Il se trouve que la contractante n’avait pas réagi à l’absence de contrat alors que sa prime avait été encaissée. En outre, il était établi qu’elle avait reçu du mandataire plusieurs versements en liquide et qu’elle avait retiré des intérêts à plusieurs reprises, autant de faits qui eussent dû soulever sa méfiance, ces opérations ne pouvant relever, même pour un profane, d’un mode de gestion normal d’un contrat d’assurance vie régulièrement souscrit.

 

Cependant tous ces faits sont jugés, par la Cour de cassation, impropres à établir qu’à la date de la conclusion du contrat et de la remise des fonds, la contractante ne pouvait légitimement croire que le mandataire non salarié de l’assureur n’agissait pas à l’occasion de ses fonctions.

 

Par le passé, la Cour de cassation s'est déjà intéressé à la croyance de l’assuré en ce que le mandataire agissait dans l’exercice de ses fonctions :

  • l’assurance doit répondre de son mandataire ou préposé dès lors que les circonstances ont permis à la victime de croire légitimement que l'intermédiaire agissait dans l'exercice de ses fonctions même si, en fait, il servait des fins personnelles (Cass. 2e civ., 29 mai 1996 : Bull. civ. 1996, II, n° 118).

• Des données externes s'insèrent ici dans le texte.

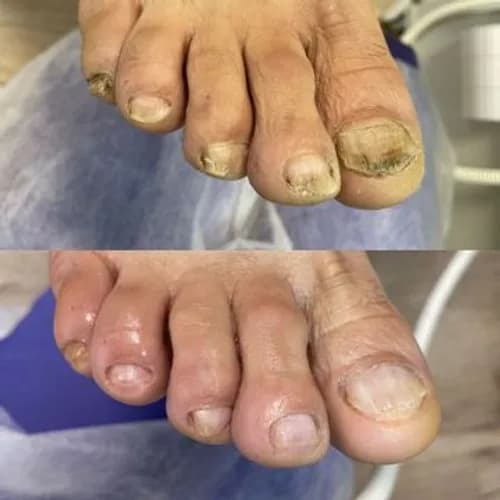 Опытный подолог: лечение грибковых заболеваний ногтей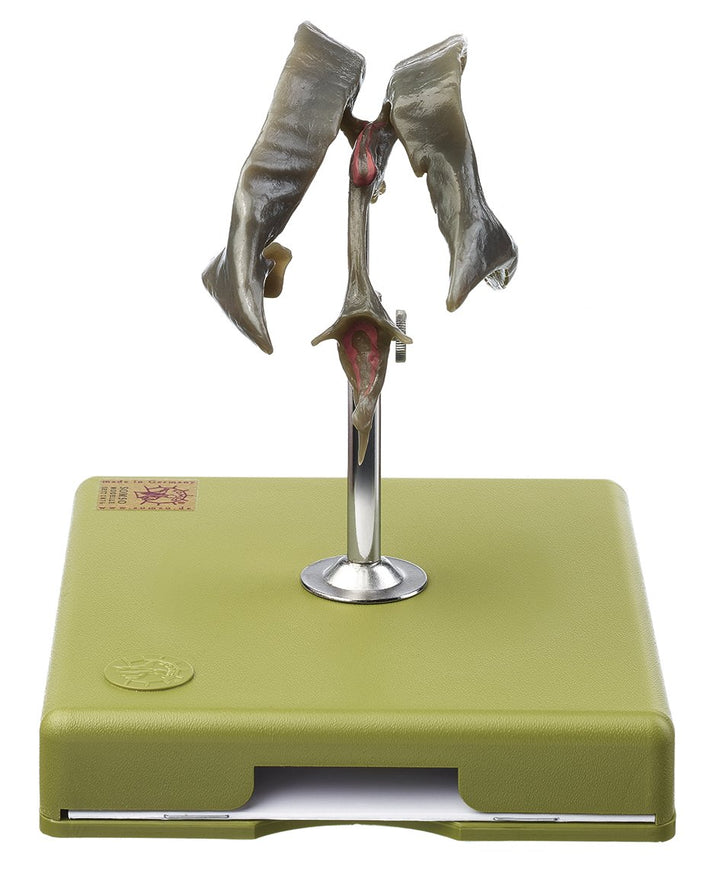 SOMSO Ventricular Cavities of the Brain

  • à l'inverse, lorsqu'il est établi que les assurés, victimes d'un détournement de fonds, "ne pouvaient ignorer que les opérations présentaient un caractère anormal, avaient conscience que l'agent général abusait" des fonctions qui lui avaient été confiées, la responsabilité de l'entreprise d'assurance doit être écartée (Cass. civ., 21 déc. 2006 : Resp. civ. et assur. 2007, comm. 96 ;. Cass. 2ème civ., 22 mai 2003, n° 02-12.198 : Bull. civ. 2003, II, n° 156 : cas où ou la victime ne pouvait légitimement ignorer que le préposé agissait en dehors de ses fonctions).